Base-4 timekeeping method to make more sense of our standard (thousands of years old and completely obsolete) clock

Lately, beginning with getting really carried away with decimal time last year, I’ve been thinking a lot about timekeeping. Decimal time has the great advantage of making timekeeping intuitive for base-10 minds such as our own. But it doesn’t seem likely that we’ll see any revolutionary changes in society on this point, and even if we would have, I’d still have been unhappy, because I’ve realized that there is another, even more revolutionary step I’d much prefer: A step away from the base-10 numeral system. I’m not sure which alternative I prefer yet, but I think both base-8 and base-16 is far, far better. These have one huge advantage in common: They are multiples of 2. This is good for several reasons:

1. Doubling and halving is by far the most intuitive way we have of dealing with numbers.
2. In base-10, halving a number repeatedly becomes very hard very fast. Starting with 10, we get 10 — 5 — 2,5 — 1,25 — 0,625 — eh… That was four halvings. This is in stark contrast to the ease of halving in a base that is a multiple of 2. Take base-8, starting with 8, which in base-8 is written “10″, for reasons that should be obvious: 10 — 4 — 2 — 1 — 0,4 — 0,2 — 0,1 — 0,04 — 0,02 — 0,01 — 0,004 — etc. etc. That was 10 halvings, but you can go on forever without even having to think.
3. Computers are base-2, and use multiples of 2 as byte-sizes. We all know how poorly this translates to base-10: 2 — 4 — 8 — 16 — 32 — 64 — 128 — 256. In base-8, this same series would read: 2 — 4 — 10 — 20 — 40 — 100 — 200 — 400. And in base-16: 2 — 4 — 8 — 10 — 20 –40 — 80 — 100. A numeral system with a base that is a multiple of binary is perfectly suited for our computer age.

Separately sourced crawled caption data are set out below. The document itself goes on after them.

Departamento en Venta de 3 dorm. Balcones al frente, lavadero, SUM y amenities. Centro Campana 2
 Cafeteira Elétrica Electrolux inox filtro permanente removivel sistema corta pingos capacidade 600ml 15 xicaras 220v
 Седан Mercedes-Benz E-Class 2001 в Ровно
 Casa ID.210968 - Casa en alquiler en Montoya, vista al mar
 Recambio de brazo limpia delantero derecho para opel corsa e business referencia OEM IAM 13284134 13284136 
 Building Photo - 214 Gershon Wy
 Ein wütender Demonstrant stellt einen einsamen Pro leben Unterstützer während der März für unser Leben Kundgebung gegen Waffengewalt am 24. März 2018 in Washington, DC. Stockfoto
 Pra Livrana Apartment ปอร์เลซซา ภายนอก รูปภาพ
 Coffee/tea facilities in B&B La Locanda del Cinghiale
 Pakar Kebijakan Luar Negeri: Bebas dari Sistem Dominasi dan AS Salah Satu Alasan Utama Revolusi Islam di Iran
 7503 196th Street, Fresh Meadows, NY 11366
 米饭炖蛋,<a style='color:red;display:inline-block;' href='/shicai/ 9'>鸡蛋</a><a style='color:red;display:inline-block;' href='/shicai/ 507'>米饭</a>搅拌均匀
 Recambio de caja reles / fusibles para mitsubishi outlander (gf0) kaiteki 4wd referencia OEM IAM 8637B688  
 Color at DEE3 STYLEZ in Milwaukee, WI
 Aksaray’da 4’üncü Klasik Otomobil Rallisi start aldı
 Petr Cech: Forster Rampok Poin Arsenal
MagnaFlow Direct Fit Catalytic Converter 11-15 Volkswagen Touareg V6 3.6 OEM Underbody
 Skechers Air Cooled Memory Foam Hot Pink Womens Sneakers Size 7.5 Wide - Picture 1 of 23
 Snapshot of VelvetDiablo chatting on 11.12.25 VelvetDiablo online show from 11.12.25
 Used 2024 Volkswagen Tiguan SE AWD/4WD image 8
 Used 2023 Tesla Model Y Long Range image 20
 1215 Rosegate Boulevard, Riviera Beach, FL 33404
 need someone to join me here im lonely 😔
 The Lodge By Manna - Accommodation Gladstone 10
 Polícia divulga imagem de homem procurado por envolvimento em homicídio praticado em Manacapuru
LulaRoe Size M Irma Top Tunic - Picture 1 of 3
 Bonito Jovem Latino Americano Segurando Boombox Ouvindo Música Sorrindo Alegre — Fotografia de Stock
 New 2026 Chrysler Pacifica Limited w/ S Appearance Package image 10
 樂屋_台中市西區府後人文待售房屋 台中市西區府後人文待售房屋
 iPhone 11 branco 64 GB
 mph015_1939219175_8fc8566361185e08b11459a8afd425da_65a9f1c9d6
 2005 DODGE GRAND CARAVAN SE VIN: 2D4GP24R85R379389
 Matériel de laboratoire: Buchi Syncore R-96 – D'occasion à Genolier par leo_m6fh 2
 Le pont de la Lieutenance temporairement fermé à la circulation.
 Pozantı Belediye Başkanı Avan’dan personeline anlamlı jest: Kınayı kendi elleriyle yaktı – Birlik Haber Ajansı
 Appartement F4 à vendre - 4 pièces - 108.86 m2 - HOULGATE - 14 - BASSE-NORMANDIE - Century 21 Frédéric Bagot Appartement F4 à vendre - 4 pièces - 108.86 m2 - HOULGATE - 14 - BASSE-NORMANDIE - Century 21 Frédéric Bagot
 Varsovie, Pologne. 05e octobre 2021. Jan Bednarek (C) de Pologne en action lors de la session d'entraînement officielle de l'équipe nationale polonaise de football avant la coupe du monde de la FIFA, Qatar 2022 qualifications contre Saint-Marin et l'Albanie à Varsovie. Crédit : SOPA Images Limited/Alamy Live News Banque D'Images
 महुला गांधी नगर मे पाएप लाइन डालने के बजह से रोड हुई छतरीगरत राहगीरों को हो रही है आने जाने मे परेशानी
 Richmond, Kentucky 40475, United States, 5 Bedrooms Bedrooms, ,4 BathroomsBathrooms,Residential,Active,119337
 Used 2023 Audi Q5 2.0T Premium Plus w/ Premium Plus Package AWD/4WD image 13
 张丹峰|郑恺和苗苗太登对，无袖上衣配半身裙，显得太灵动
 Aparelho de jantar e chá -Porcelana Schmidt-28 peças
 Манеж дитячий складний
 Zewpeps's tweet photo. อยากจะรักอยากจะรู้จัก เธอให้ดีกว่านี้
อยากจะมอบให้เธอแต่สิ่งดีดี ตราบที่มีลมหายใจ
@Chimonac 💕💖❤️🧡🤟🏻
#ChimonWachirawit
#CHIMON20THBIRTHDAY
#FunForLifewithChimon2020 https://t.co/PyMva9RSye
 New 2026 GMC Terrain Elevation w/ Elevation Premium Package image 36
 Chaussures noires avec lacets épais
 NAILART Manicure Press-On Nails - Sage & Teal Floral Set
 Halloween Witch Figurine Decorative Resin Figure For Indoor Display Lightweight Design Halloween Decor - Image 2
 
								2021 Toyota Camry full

But this post isn’t really about numeral systems, I’m just getting carried away again. Let me just point to a brilliant pro-base-16 book from 1862 by the Swedish-American John William Nystrom, and get on to what was the reason I started writing this post: I have found a close-to-perfect system for timekeeping that doesn’t demand a hopelessly improbable revolution. I romantically call it the base-4 timekeeping method. The premises are that our waking day is 16 hours long, and that 4 is the most intelligible number there is. Now, have the day split in four parts of four hours each, and each hour in four quarters, and you get a new map of the day that looks something like this (the bars are hatched up to 10:30, the time that this post was published):

A full day is 64 quarters long. You probably have a lot better sense of the length of a quarter than of a full hour, so calculating time in terms of quarters might be a good idea, in particular short spans. You gain a better grasp of the experienced duration of time that way, and, when placed on the map above, you know exactly how to weight time in relation to a full day. Timekeeping is made very simple.

You’re probably not convinced yet. But try to think about — for instance — how your waking time is budgeted on work, play, exercise etc., and I’m quite confident you’ll start seeing some benefits to the base-4 method.